If the sum of external forces in a system is 0, then the sum of momentum is 0 and therefore conserved

If the forces in a particular direction are not conserved (i.e. gravity), conservation of momentum may still apply in the other components

Example 1

Before: two equal masses are moving toward each other with equal velocities.

After: the masses collide and stick together

Initial Energy

${\displaystyle 2\times {\frac {1}{2}}mv^{2}=mv^{2}}$

Final Energy

no movement, so 0

Clearly, there is no conservation of energy (Initial energy is greater than 0, while the final energy is 0)
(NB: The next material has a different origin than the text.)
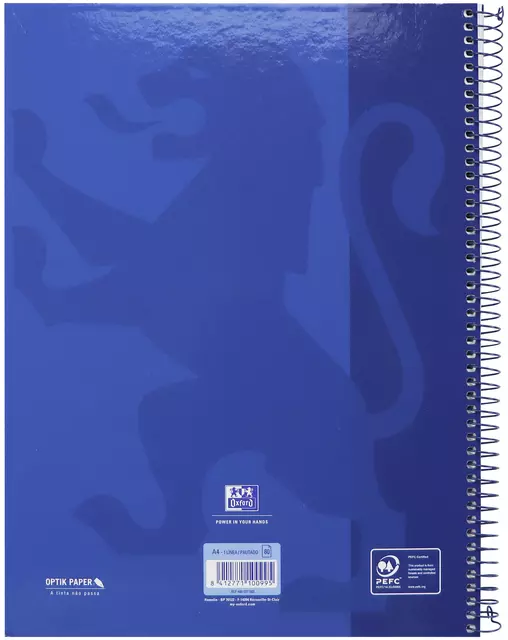 Een Notitieboek Oxford Classic Europeanbook A4+ 4-gaats lijn 80vel donkerblauw koop je bij Van Leeuwen Boeken- en kantoorartikelen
Work of non-conservative forces is done by internal forces (i.e. deforming the objects as they collide)

However, momentum is conserved since there are no external forces and ${\displaystyle P_{i}=P_{f}}$.

${\displaystyle P_{i}=mv_{1}+mv_{2}=mv_{1}-mv_{1}=0}$

${\displaystyle P_{f}=0}$

Example 2: Problem 8.18

When cars are equipped with flexible bumpers, they will bounce off each other during low-speed collisions, thus causing less damage. In one such accident, a 1750-kg car traveling to the right at 1.5 m/s collides with a 1450-kg car going to the left at 1.1 m/s. Measurements show that the heavier car's speed just after collision was 0.25 m/s in its original direction. You can ignore any road friction during the collision.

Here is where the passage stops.